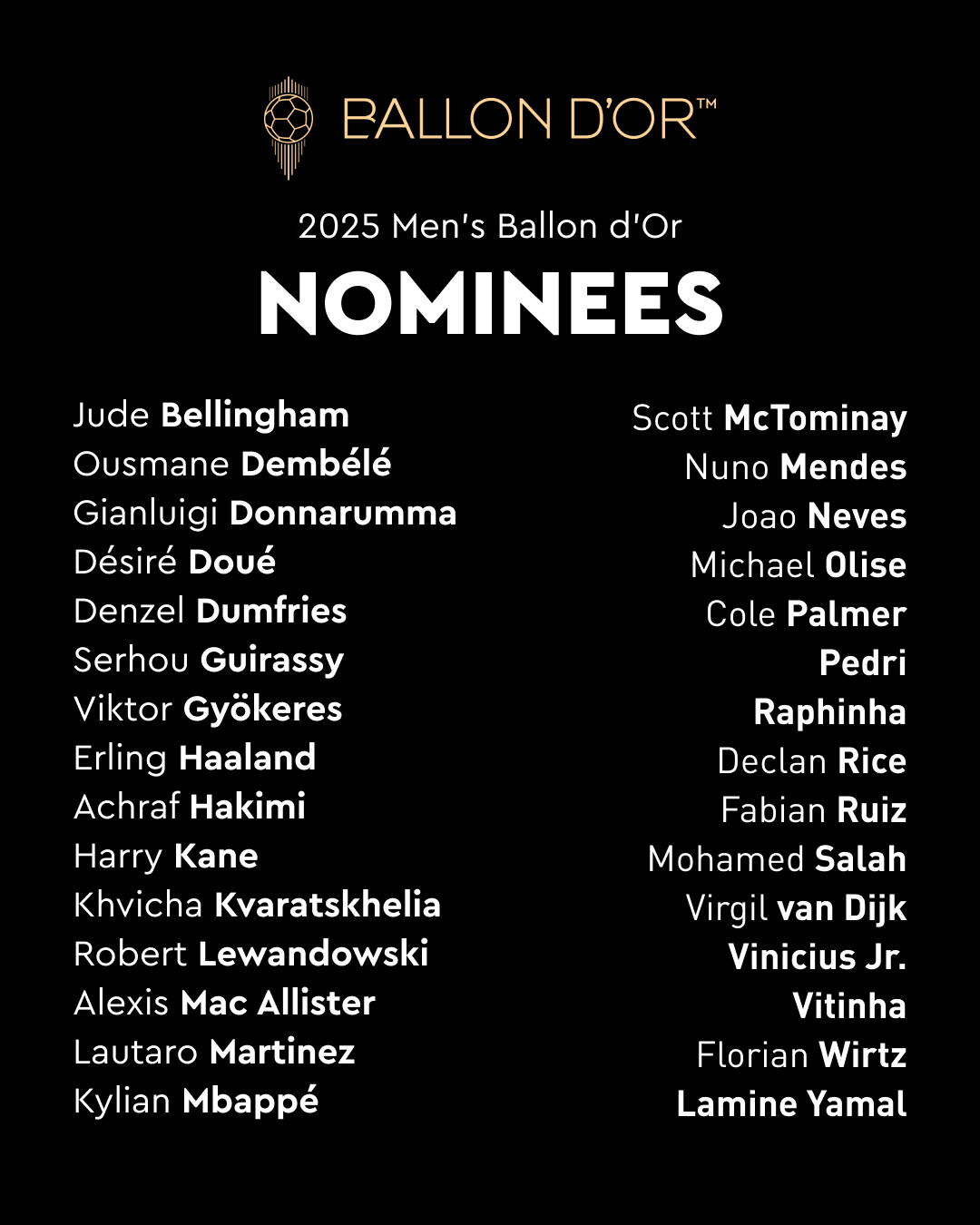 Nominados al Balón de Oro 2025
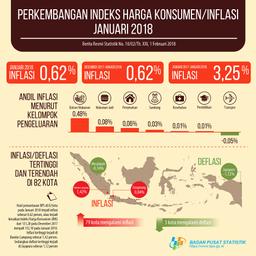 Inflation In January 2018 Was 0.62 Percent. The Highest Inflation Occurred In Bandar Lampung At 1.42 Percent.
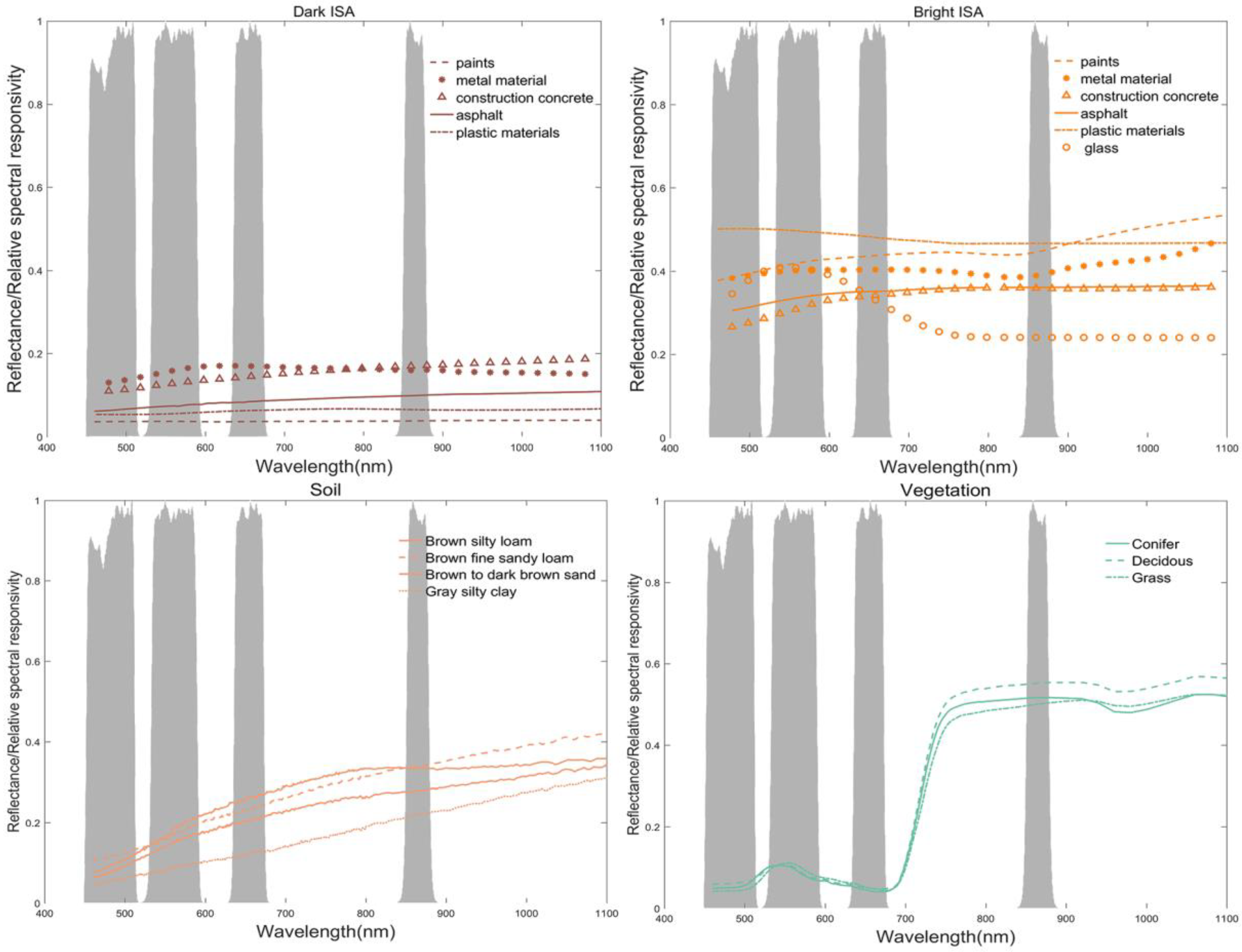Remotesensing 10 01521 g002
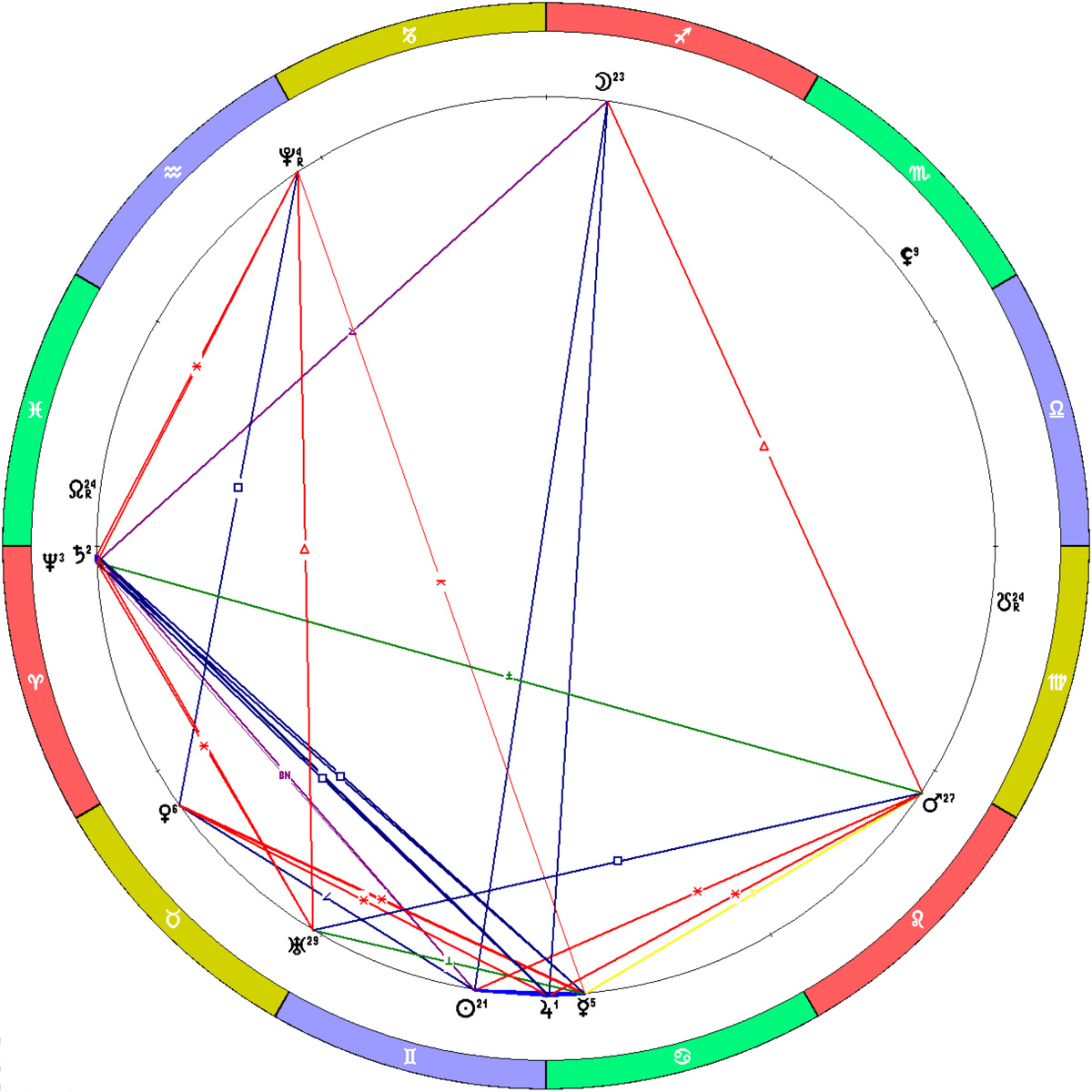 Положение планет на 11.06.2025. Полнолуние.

━━━━━━━━━━

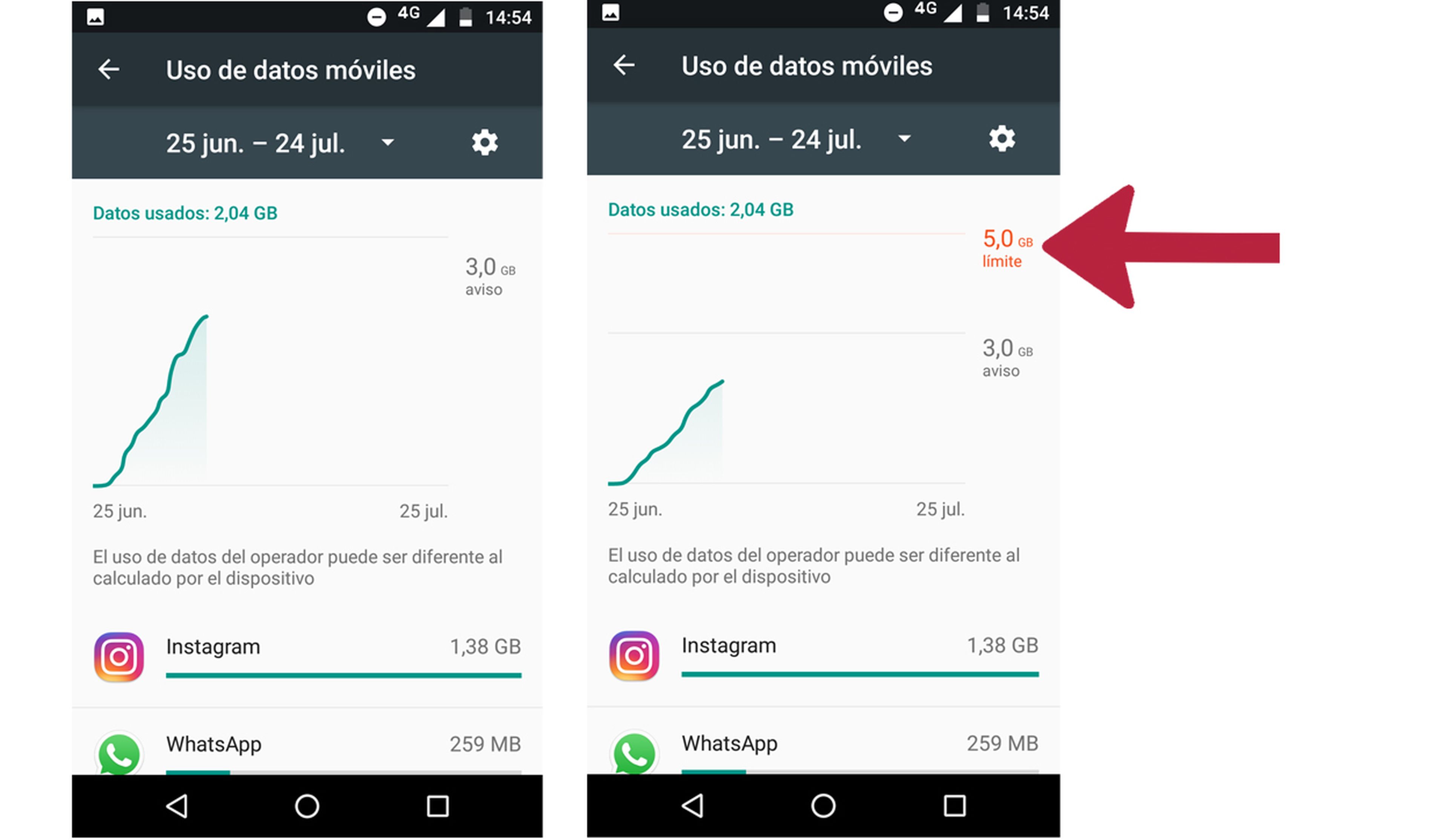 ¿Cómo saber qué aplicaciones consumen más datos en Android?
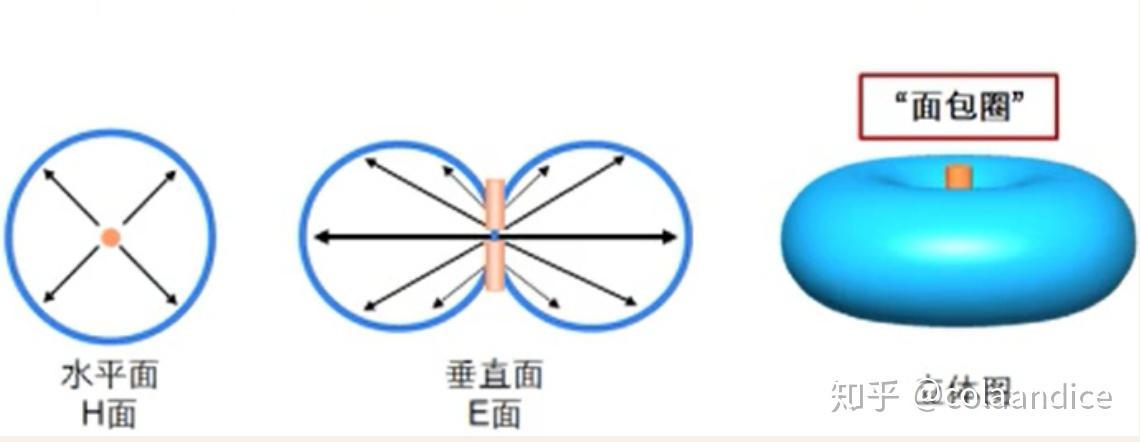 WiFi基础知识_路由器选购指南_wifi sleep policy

━━━━━━━━━━

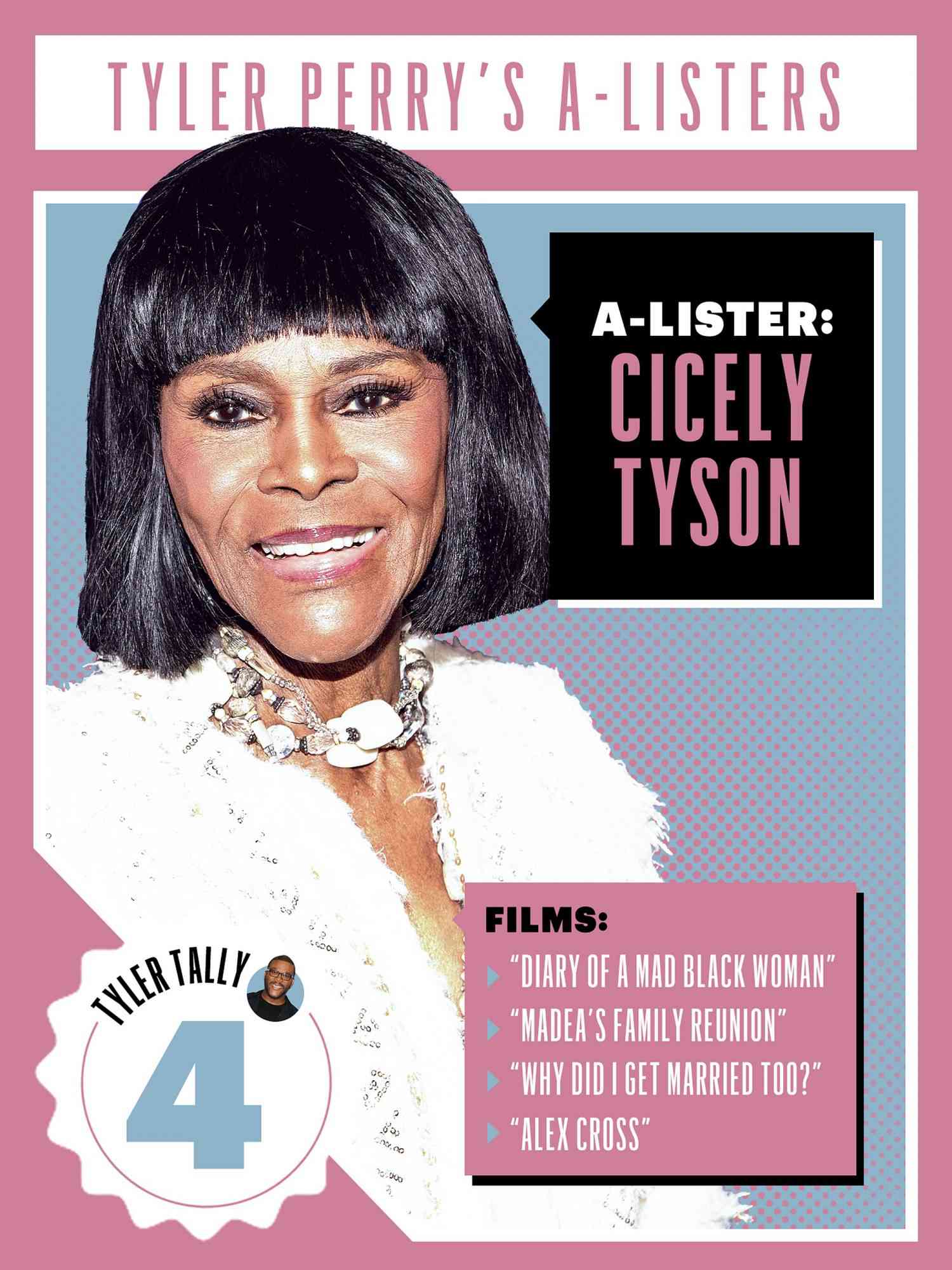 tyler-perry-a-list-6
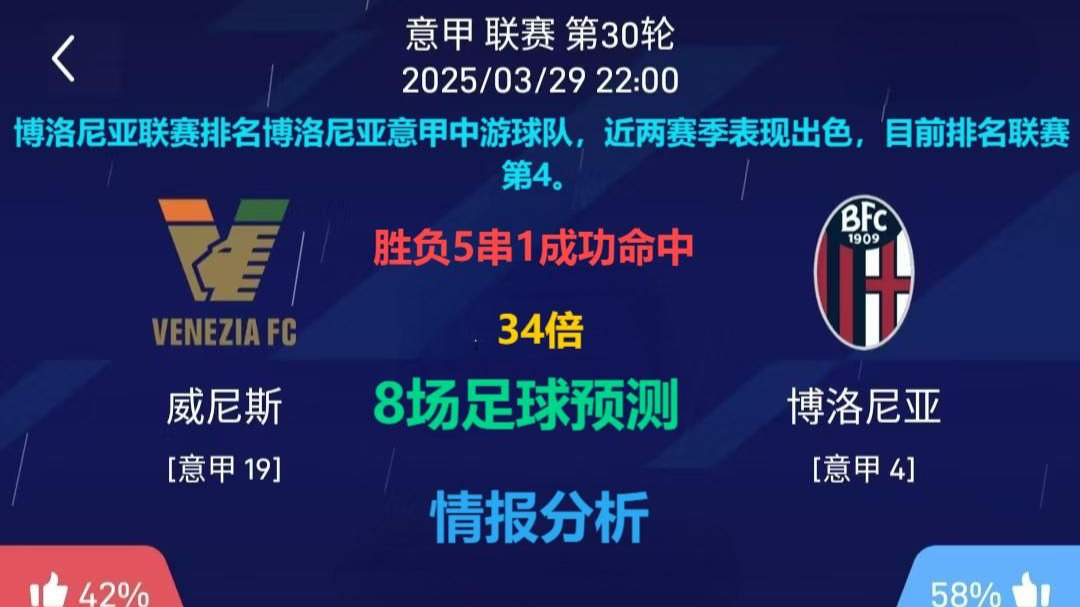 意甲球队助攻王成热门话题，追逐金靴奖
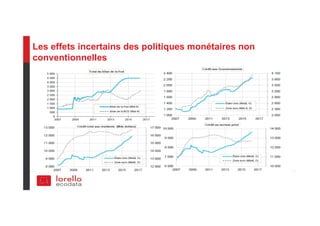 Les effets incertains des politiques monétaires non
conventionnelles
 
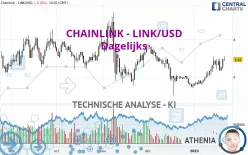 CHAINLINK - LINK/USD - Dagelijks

━━━━━━━━━━

- Task requirements
Nothing but the lines above from the one that has "Nominados al Balón de Oro 2025" down to the one that has "Положение планет на 11.06.2025. Полнолуние." belongs in the answer, copied exactly, without pictures.

- Result for this exercise
 Nominados al Balón de Oro 2025
 Inflation In January 2018 Was 0.62 Percent. The Highest Inflation Occurred In Bandar Lampung At 1.42 Percent.
Remotesensing 10 01521 g002
 Положение планет на 11.06.2025. Полнолуние.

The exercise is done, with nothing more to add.